(Brief descriptive captions)

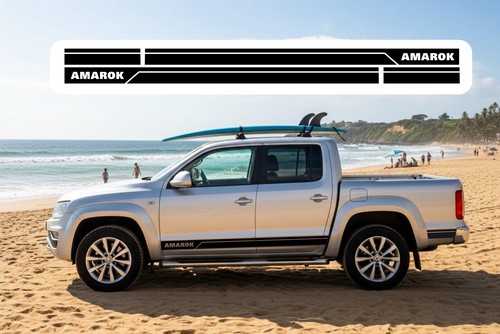 Fit amarok side stripes - fit, vw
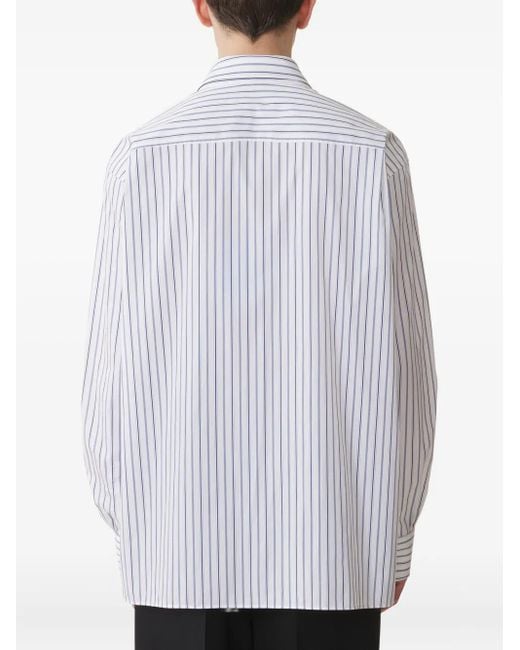 Lanvin White Pinstripe Shirt for men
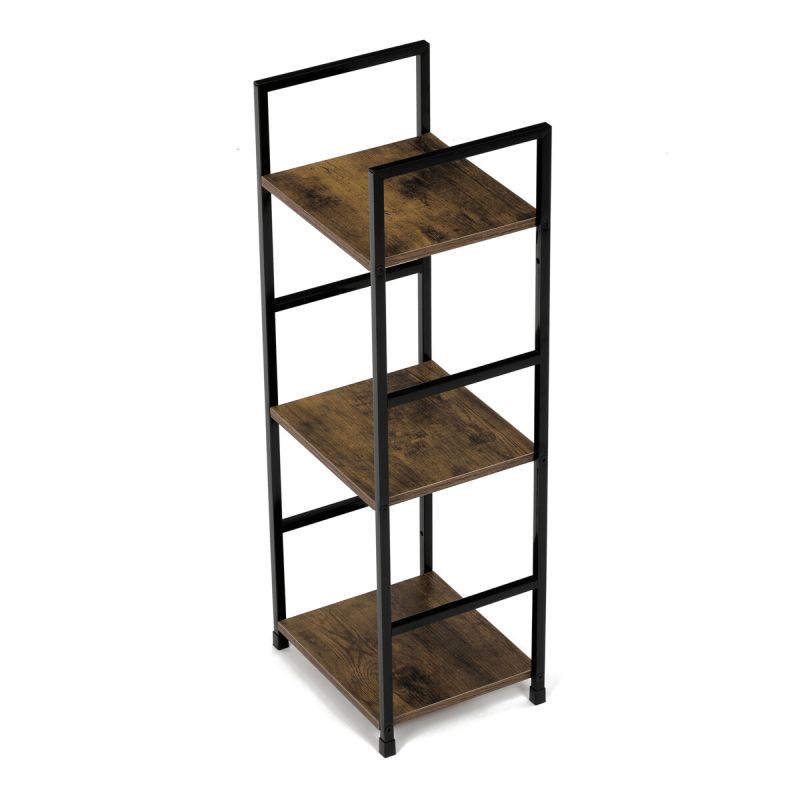 Regál, 29cm, kov, MDF, staré drevo, GD-213 OLW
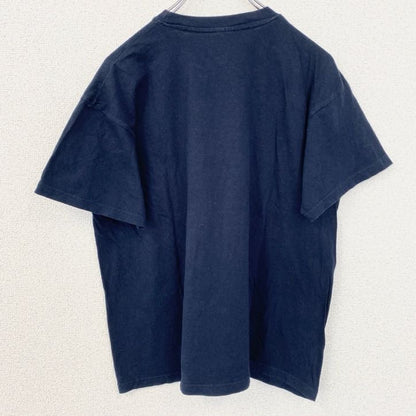古着 used　90s　00s　半袖ビッグプリントTシャツ　インディアン　騎士　ギリシャ　ネイビー　ヴィンテージ　vintage
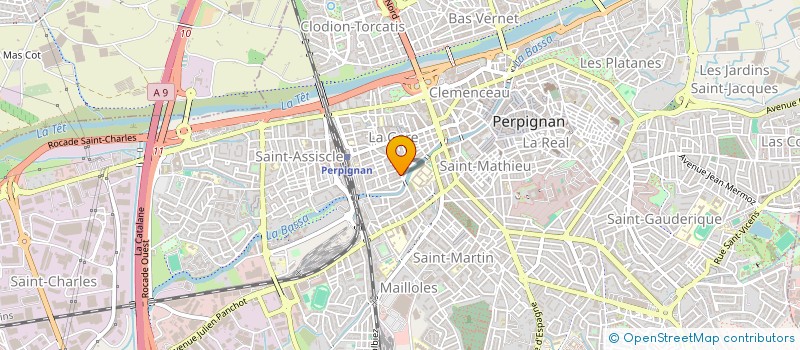 localisation de l'entreprise MADAME LOUBNA MESFIOUI  PERPIGNAN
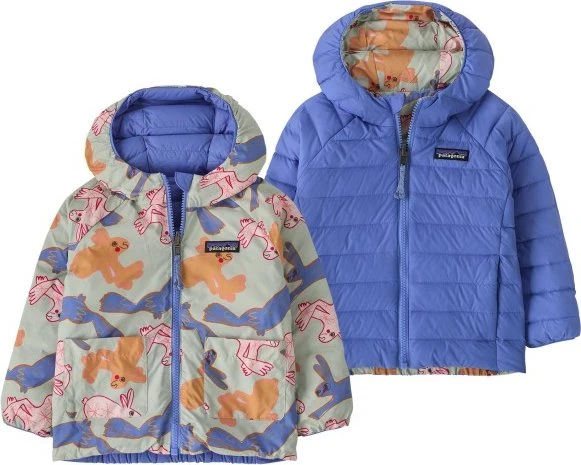 Patagonia Baby Reversible Down Sweater Hoody Jacke (Junior)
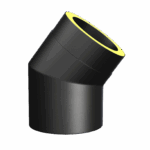 Halvisloret bend ø150 15/30/45gr - Norvai - Bilde 2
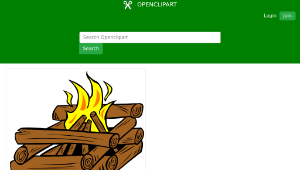 openclipart圖庫：Campfires and cooking cranes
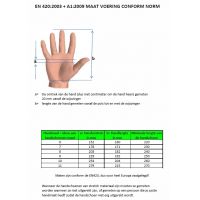 Kixx handschoen groovy green maat 10 - afbeelding 2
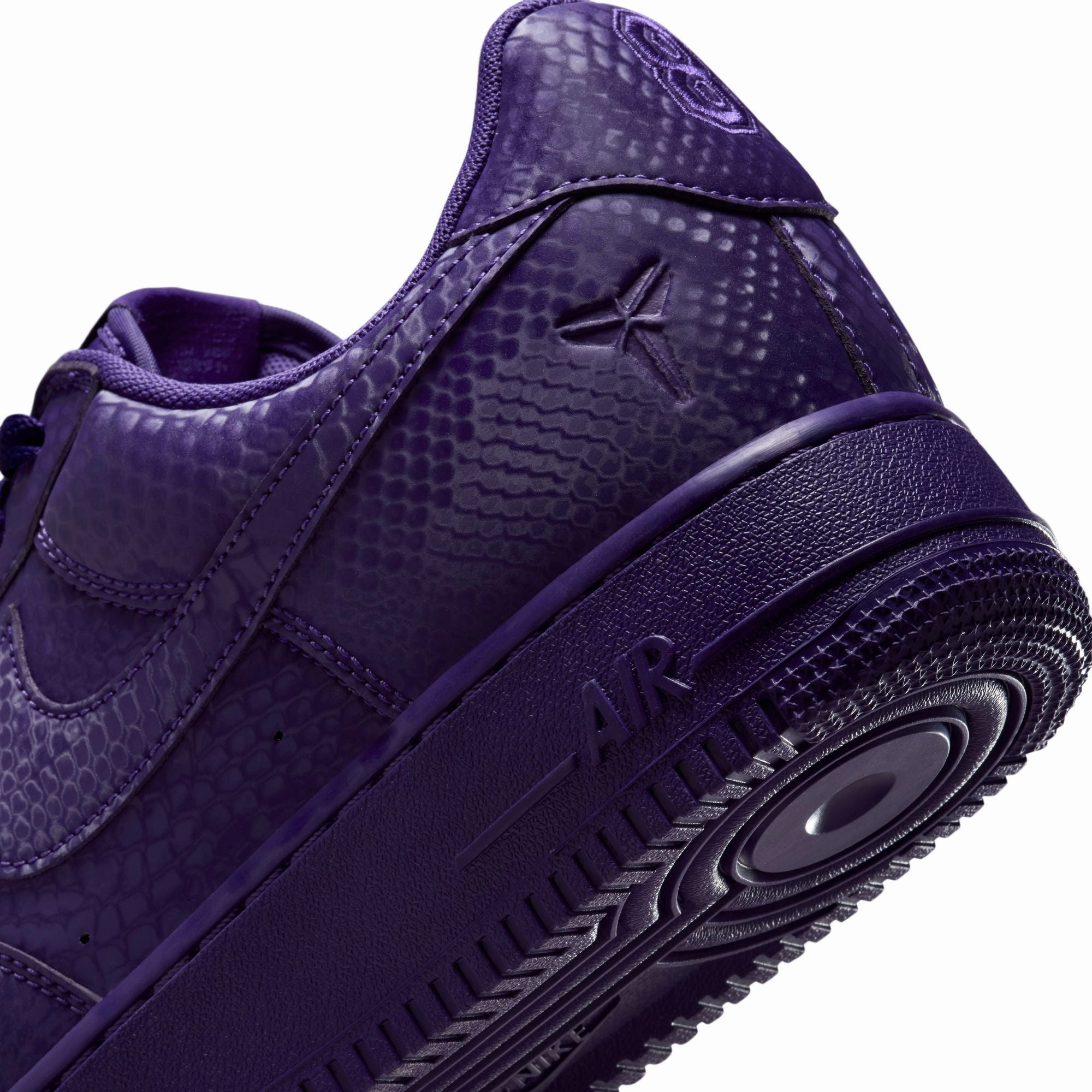 Nike Kobe Air Force 1 Low Men's Shoes Color: Court Purple/court Purple IB0018-500 Summer Nike Shoes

**Problem statement**
Your task is to restate word for word the lines from the one containing "localisation de l'entreprise" through the last line of the data, both ends included, with no pictures.

**Expected answer**
 localisation de l'entreprise MADAME LOUBNA MESFIOUI  PERPIGNAN
 Patagonia Baby Reversible Down Sweater Hoody Jacke (Junior)
 Halvisloret bend ø150 15/30/45gr - Norvai - Bilde 2
 openclipart圖庫：Campfires and cooking cranes
 Kixx handschoen groovy green maat 10 - afbeelding 2
 Nike Kobe Air Force 1 Low Men's Shoes Color: Court Purple/court Purple IB0018-500 Summer Nike Shoes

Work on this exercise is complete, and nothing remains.